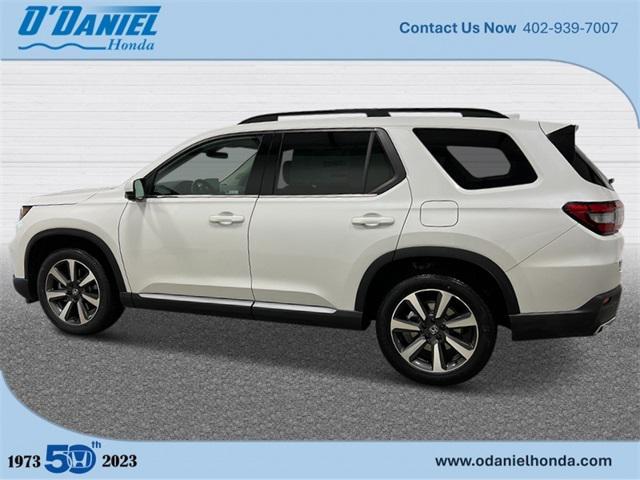new 2025 Honda Pilot car, priced at $54,985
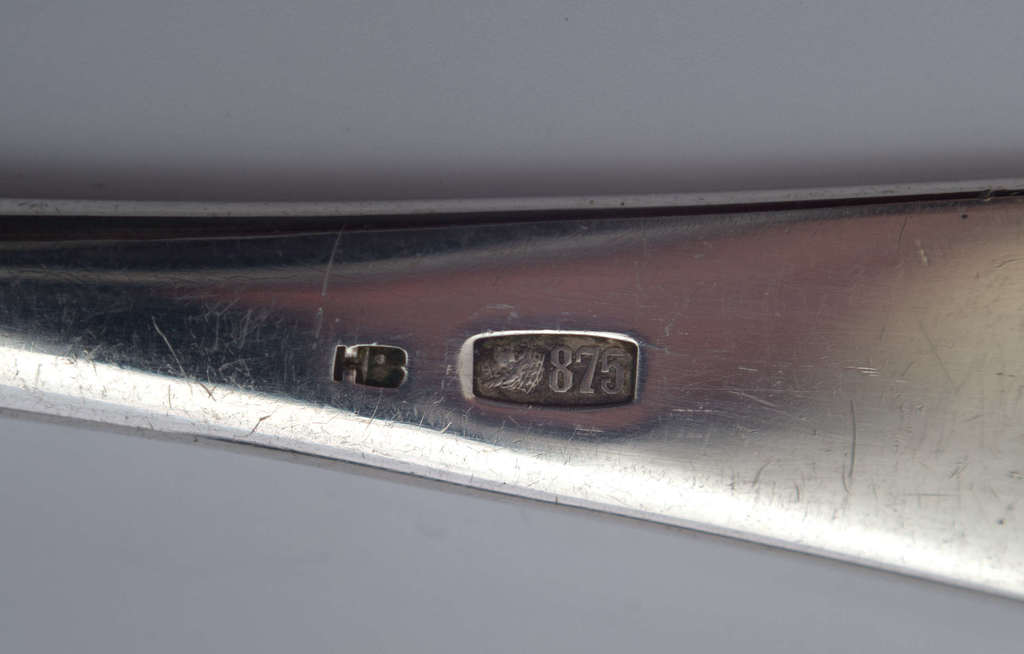 Серебряные столовые приборы с тематикой масонской коробки (6 ножей, 6 вилок)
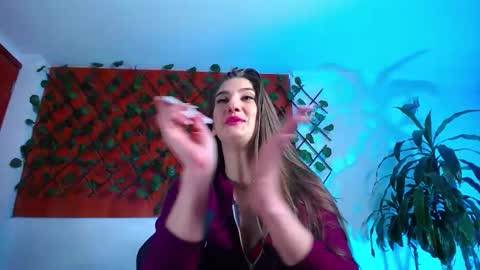 Dafne Castro online show from January 2026 03:04:02 PM
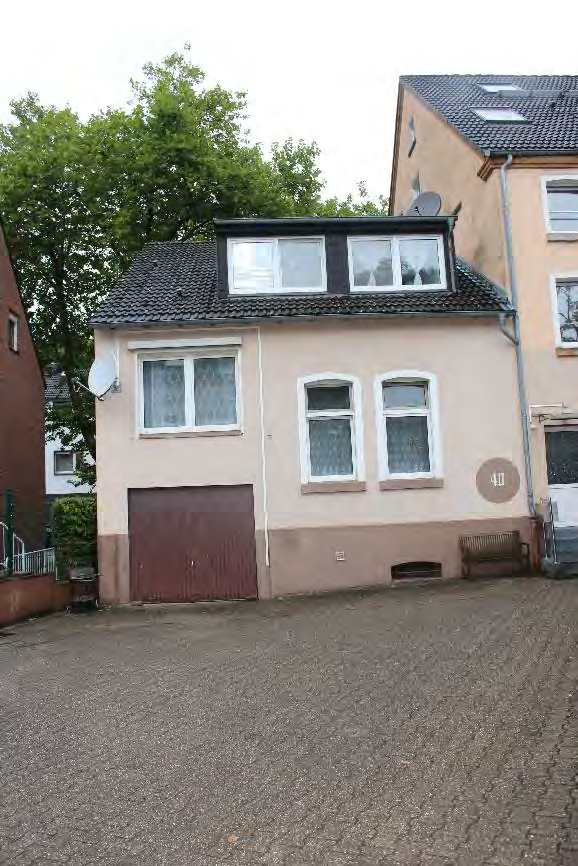 Vorderansicht eines zweistöckigen Wohnhauses mit Garagenfach, Fenstern und Hausnummer 40 in Recklinghausen, Ortlohstraße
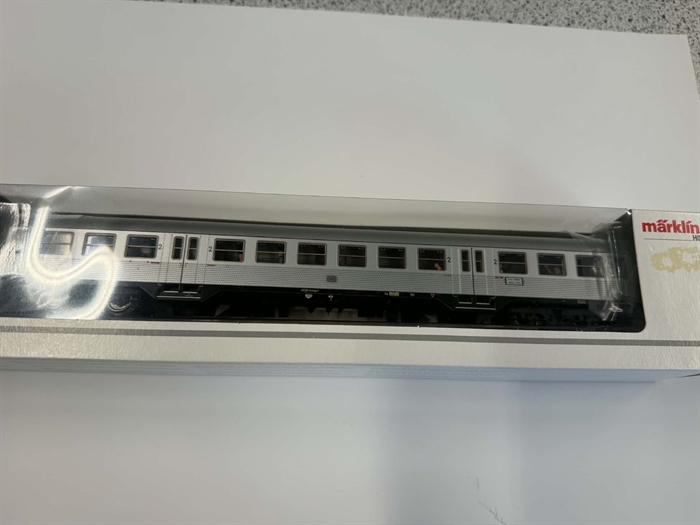 Märklin 43810 „Silberling“-Personenwagen 1./2. Klasse (gebraucht)
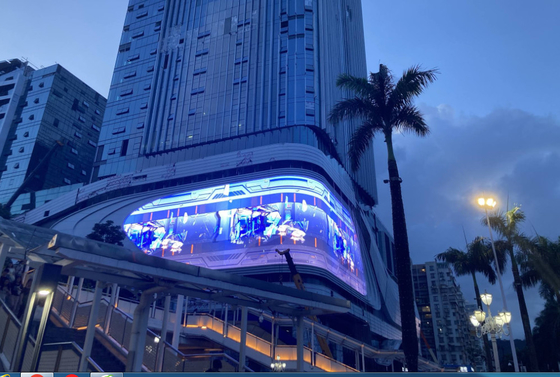 Huur Full Color LED Display Roadside Digital Signage P10 LED Tail Screen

------------------------

- _WORK INSTRUCTION_:
Word for word, restate all of the material, omitting the images.

- _SOLUTION TO THE PROBLEM_:
new 2025 Honda Pilot car, priced at $54,985
 Серебряные столовые приборы с тематикой масонской коробки (6 ножей, 6 вилок)
 Dafne Castro online show from January 2026 03:04:02 PM
 Vorderansicht eines zweistöckigen Wohnhauses mit Garagenfach, Fenstern und Hausnummer 40 in Recklinghausen, Ortlohstraße
 Märklin 43810 „Silberling“-Personenwagen 1./2. Klasse (gebraucht)
 Huur Full Color LED Display Roadside Digital Signage P10 LED Tail Screen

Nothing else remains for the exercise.